Daggart recorrió con la mirada las caras de los hombres y mujeres mayas que le observaban. Se preguntó cuántos de ellos podían seguir la conversación. Sospechaba que muy pocos entendían inglés. Quizá ninguno. Aun así, escuchaban atentamente mientras hablaba su jefe. Y cuando éste los abarcó con sus cálidos ojos y sus brazos abiertos, asintieron respetuosamente con la cabeza. Había entre ellos una confianza tan palpable como el humo de leña que caracoleaba a través del hueco del tejado de palmas.
—Tiene que entender —prosiguió el jefe— que es nuestro deber. Para eso estamos en este mundo. Para adorar a los dioses y honrar a nuestras madres y padres.
—¿Aunque eso suponga arriesgar la vida? —Daggart pensó en la guerra de Castas del siglo XIX. Pensó en las batallas que tenían que afrontar en el siglo XXI.
—La muerte no es de temer. Alcanzar el Mundo Superior es el más alto honor.
—Pero no todo el mundo llega al Mundo Superior, ¿no?
—No. Primero hay que pasar por los nueve niveles del Mundo Inferior. Es un lugar espantoso. Oscuro. De un calor asfixiante. Con ríos turbulentos que hay que cruzar. Los dioses lo ponen a uno a prueba constantemente. Un viaje muy difícil.
El término con que los mayas designaban el Mundo Inferior era Xibalbá. Se traducía literalmente como «lugar del miedo». Daggart entendió de pronto el porqué.
El jefe se volvió hacia sus compañeros y habló rápidamente en yucateco. Daggart conocía el dialecto lo suficiente como para saber que les estaba traduciendo lo que acababa de decirle. Ellos asintieron con la cabeza. Todos parecían conocer el relato y aceptarlo sin vacilar.
—Entonces, ¿siempre que alguien muere tiene que hacer ese viaje tan duro? —preguntó Daggart.
—Casi todo el mundo. Los que mueren violentamente no tienen que padecer el Mundo Inferior. Ya han sufrido bastante. Se les permite entrar automáticamente en la otra vida.
Daggart pensó enseguida en Susan. Desde el punto de vista de los mayas, su esposa se había ahorrado la espantosa travesía por el Mundo Inferior. Aquella idea le proporcionó cierto consuelo.
—¿Cómo se entra en el Mundo Inferior?
—A través de una cueva o de un estanque. Ése es el camino para llegar a los ríos del Mundo Inferior.
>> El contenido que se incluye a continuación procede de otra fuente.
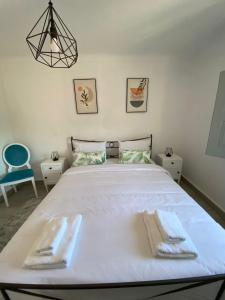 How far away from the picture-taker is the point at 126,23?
1.85m

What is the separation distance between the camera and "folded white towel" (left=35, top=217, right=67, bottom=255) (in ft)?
3.45

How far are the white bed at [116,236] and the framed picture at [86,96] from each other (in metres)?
1.46

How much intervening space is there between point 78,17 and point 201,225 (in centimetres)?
229

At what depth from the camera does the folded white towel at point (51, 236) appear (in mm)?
1053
Por eso a menudo dibujamos la cabeza de una serpiente para representar la entrada de una cueva, porque cruzar el Mundo Inferior es como cruzar las entrañas de una serpiente.
Scott Daggart entendió algo de pronto y comenzó a ordenar mentalmente las piezas de aquel rompecabezas.
—Entonces ¿las cuevas son lugares sagrados?
—Sí —contestó el jefe.
—Y los cenotes también, imagino.
—Sí, mucho.
—¿Ése es el vínculo común con los lugares sagrados de los que hablaba antes? ¿Todos ellos giran en torno a cenotes o cuevas ceremoniales?
El jefe mostró por primera vez una amplia sonrisa que dejó al descubierto sus escasos dientes y sus encías sonrosadas. Su cara cubierta de cicatrices, tan amenazadora antes, brillaba ahora más que el fuego mortecino.
—Ahora lo entiende —dijo—. Pero basta de charla por hoy. Tiene que descansar, si quiere ponerse bien.
Los otros parecieron comprender sólo por su tono. Se levantaron sin hacer ruido y empezaron a salir en fila de la choza de madera, agachando la cabeza al pasar por la puerta baja. Mientras salían, Daggart dibujo distraídamente una M en el suelo de tierra.
El jefe de la tribu se detuvo y dejó pasar a los otros. Daggart y él se quedaron solos.
—No se preocupe —dijo el hombre—. Lo encontrará. Y es usted lo bastante sabio como para saber que algunas cosas hay que dejarlas estar.